The Raptor launched its jump pack and managed to clear most of the shot, but the edge of the blast caught the right side of its shoulder armour and melted the starboard intake into a heap, spinning the creature at great speed past Zachariah’s freefall.
The veteran sergeant’s mounting panic fled, replaced by a whirl of calculations and adjustments. Shamhuth’s port engine sputtered briefly then died in a trail of smoke. The Elysian flipped himself around in midair and pitched his body downwards. His eyes were streaming from the wind, and breathing was virtually impossible, but his aim was true. The Raptor’s attempts to arrest his fall slowed his relative descent and within seconds the abomination was in range, no more than half a mile above the sprawling surface of Ophel Minoris.
Zachariah hit the Raptor’s smouldering armour around the waist, throwing them both into a spin. Shamhuth gave a grunt of surprise and flailed around, trying to swat Zachariah away. The traitor m
anaged to catch him in the shoulder, sending him flying off into the air, but still falling at the same rate. Curling into a ball, Zachariah used every trick in the book to reposition himself, this time approaching from the Raptor’s blind spot. He hit the jump pack hard, just as the one good engine roared into life.
Zachariah gripped onto the rounded lip of the remaining intake with his gloved fingertips, heat searing through his battered gloves. He would have to let go. The creature furiously turned its head from side to side, writhing and jerking its arms to throw him off. It was then that Zachariah glimpsed something – a melted hole in the armour between neck and helmet, doubtless caused by Adullam’s shot. Holding on with a single hand, Zachariah reached for his final grenade. Releasing the pin, he thrust it into the gap and let go for a split second, grabbing onto the inactive starboard exhaust with charred fingers.
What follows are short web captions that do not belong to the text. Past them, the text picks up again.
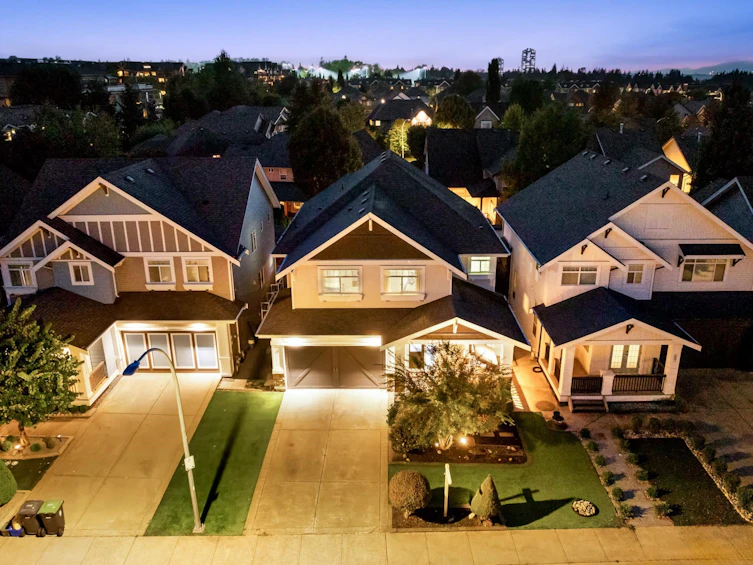 8343 209a Street, Langley, BC, V2Y 0A5 - 3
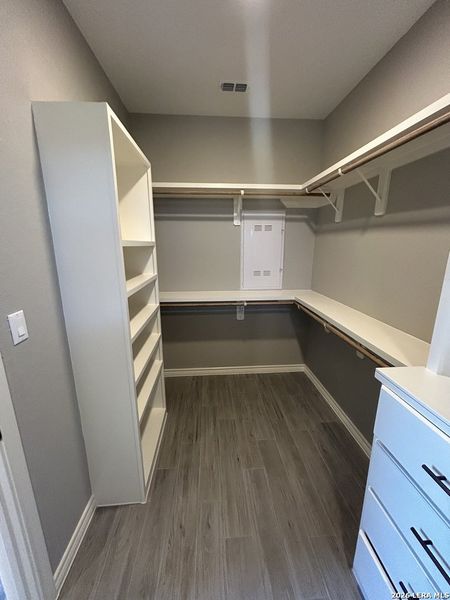 Image 25 of a home in .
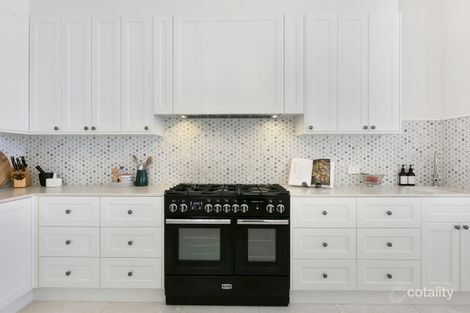 Property photo of 16 North View Street Hope Island QLD 4212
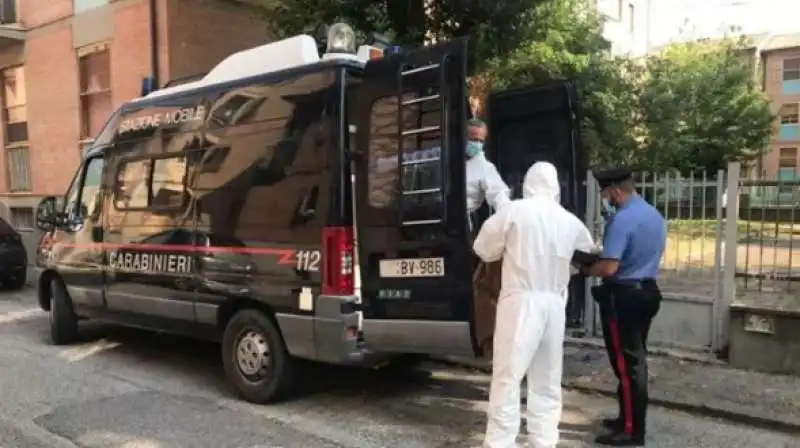 carabinieri sul luogo del delitto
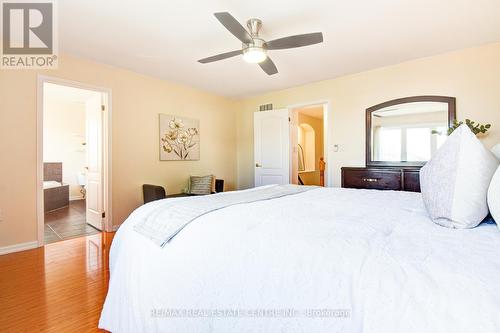 8 Osgoode Street, Cambridge, ON - Indoor Photo Showing Bathroom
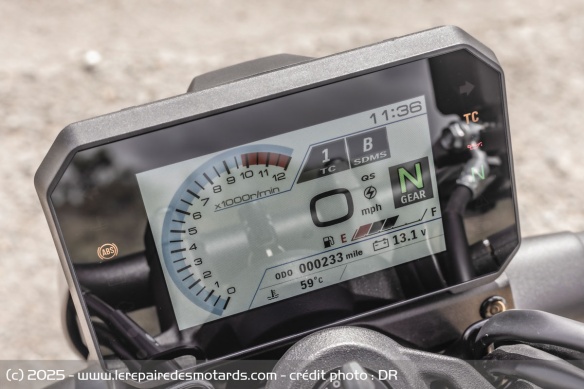 Le compteur TFT de 5 pouces reste identique à ce que l'on connait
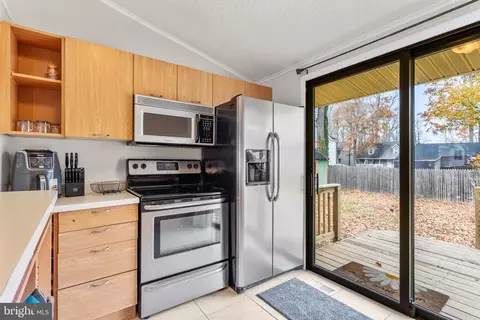 Kitchen - 4912 Beech St, Shady Side, MD 20764 photo 3 of 3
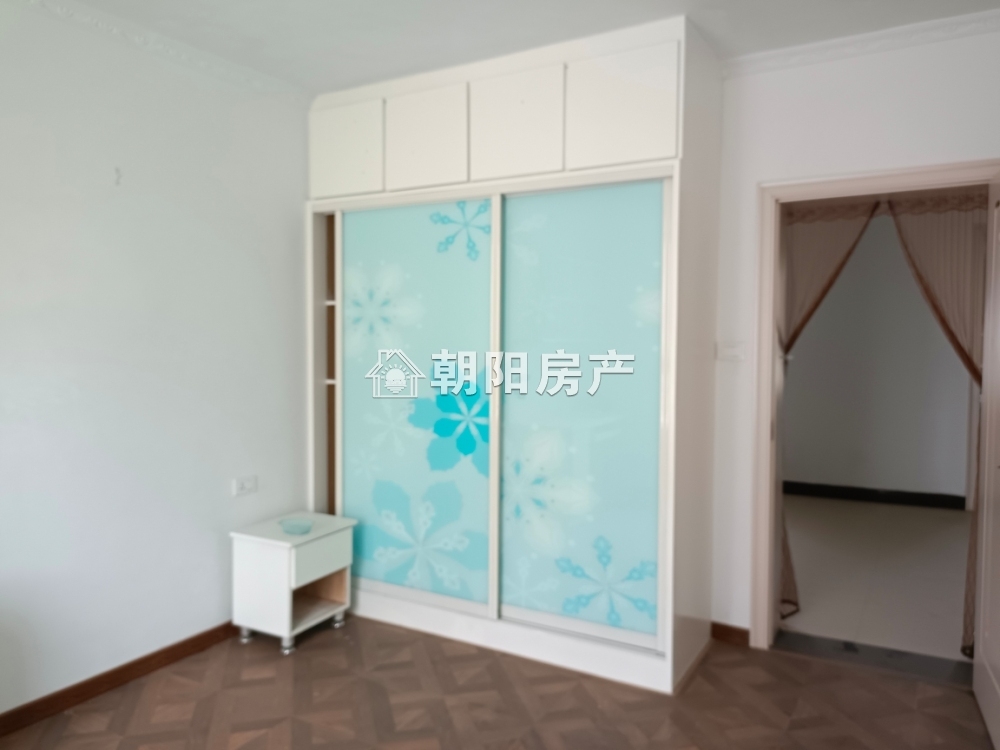 龙兴园 69平 南向两居 满两年 学区房 环境好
His hands were wrenched away by the force of the grenade’s detonation inside Shamhuth’s armour. Gobbets of flesh and shards of metal spewed in every direction, some slicing through Zachariah’s arm and leg. The pain meant nothing to him. He was entirely focused on the now separated jump pack which, unencumbered by the huge weight of the Chaos Raptor, rose into the air. Grabbing hold with both burned hands and ignoring the agony, Zachariah held on.
The speed was extraordinary. His arms screamed with pain, and his head spun with the increased altitude and the violently shaking pack. He couldn’t keep this up much longer. To his left the peak of the monolith came into view and the thrust increased, then stopped, the arc steepening into a drop. It wasn’t a perfect projection, but it’d have to do; at the closest point to the structure, Zachariah let go as the now useless jump pack fell away.